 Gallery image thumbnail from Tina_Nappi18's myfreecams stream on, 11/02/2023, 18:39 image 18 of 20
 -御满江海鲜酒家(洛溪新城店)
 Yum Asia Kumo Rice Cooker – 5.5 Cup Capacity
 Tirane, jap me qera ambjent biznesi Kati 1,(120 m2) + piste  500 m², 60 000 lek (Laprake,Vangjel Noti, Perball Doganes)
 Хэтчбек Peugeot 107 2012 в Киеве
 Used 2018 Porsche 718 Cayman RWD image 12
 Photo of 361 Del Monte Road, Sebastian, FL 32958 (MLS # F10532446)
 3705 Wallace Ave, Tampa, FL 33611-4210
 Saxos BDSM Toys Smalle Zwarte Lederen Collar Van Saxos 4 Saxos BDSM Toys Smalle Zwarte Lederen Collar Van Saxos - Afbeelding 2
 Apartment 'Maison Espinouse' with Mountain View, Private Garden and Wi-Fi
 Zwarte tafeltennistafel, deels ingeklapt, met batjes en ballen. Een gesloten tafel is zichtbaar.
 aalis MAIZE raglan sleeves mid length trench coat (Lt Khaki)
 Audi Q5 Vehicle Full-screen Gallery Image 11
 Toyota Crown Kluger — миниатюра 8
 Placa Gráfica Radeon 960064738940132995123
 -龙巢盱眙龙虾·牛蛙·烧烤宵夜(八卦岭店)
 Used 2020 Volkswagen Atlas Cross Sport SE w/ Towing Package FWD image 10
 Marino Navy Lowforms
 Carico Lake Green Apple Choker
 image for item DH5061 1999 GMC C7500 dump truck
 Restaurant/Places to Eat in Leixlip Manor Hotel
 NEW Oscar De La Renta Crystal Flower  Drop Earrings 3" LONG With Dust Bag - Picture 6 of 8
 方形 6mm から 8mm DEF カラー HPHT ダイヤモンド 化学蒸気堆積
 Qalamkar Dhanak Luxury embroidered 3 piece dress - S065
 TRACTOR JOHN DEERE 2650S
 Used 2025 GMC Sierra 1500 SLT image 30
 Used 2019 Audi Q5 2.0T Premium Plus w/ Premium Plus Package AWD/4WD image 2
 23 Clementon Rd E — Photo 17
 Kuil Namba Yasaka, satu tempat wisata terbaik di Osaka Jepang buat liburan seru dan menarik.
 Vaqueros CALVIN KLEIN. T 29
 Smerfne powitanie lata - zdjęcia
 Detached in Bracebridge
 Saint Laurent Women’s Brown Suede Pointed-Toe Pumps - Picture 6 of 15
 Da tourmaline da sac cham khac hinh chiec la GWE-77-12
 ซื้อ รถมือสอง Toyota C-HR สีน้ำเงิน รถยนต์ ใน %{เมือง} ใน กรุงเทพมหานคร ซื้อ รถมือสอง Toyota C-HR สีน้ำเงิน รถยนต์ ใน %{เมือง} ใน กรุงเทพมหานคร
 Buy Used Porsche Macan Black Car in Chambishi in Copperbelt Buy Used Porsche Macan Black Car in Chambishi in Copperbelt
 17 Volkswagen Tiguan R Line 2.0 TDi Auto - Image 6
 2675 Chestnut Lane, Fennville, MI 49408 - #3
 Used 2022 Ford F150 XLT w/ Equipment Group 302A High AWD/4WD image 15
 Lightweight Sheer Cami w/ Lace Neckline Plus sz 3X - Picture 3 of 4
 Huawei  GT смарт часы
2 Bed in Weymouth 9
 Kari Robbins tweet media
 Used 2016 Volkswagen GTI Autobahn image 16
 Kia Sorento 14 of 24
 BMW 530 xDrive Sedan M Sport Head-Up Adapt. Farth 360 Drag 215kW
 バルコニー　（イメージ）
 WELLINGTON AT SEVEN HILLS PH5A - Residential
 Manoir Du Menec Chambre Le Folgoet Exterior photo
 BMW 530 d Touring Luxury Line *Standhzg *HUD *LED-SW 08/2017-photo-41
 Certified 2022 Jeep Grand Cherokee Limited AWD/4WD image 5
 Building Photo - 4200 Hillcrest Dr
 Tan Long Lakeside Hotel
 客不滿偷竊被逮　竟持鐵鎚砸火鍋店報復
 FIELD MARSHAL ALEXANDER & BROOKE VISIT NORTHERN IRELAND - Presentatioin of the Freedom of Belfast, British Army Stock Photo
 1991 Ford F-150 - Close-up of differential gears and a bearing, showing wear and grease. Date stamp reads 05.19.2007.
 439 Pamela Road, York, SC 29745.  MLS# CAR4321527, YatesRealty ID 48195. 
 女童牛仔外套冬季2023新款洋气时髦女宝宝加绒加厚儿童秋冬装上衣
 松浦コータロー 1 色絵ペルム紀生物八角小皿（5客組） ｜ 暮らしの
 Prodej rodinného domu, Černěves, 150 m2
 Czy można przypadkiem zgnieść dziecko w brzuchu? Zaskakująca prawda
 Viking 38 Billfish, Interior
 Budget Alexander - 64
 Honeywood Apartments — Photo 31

□ □ □ □

Repeat, character for character, the lines of the material above from the line with "Tan Long Lakeside Hotel" through the line with "Prodej rodinného domu, Černěves, 150 m2".

- Output for this task:
 Tan Long Lakeside Hotel
 客不滿偷竊被逮　竟持鐵鎚砸火鍋店報復
 FIELD MARSHAL ALEXANDER & BROOKE VISIT NORTHERN IRELAND - Presentatioin of the Freedom of Belfast, British Army Stock Photo
 1991 Ford F-150 - Close-up of differential gears and a bearing, showing wear and grease. Date stamp reads 05.19.2007.
 439 Pamela Road, York, SC 29745.  MLS# CAR4321527, YatesRealty ID 48195. 
 女童牛仔外套冬季2023新款洋气时髦女宝宝加绒加厚儿童秋冬装上衣
 松浦コータロー 1 色絵ペルム紀生物八角小皿（5客組） ｜ 暮らしの
 Prodej rodinného domu, Černěves, 150 m2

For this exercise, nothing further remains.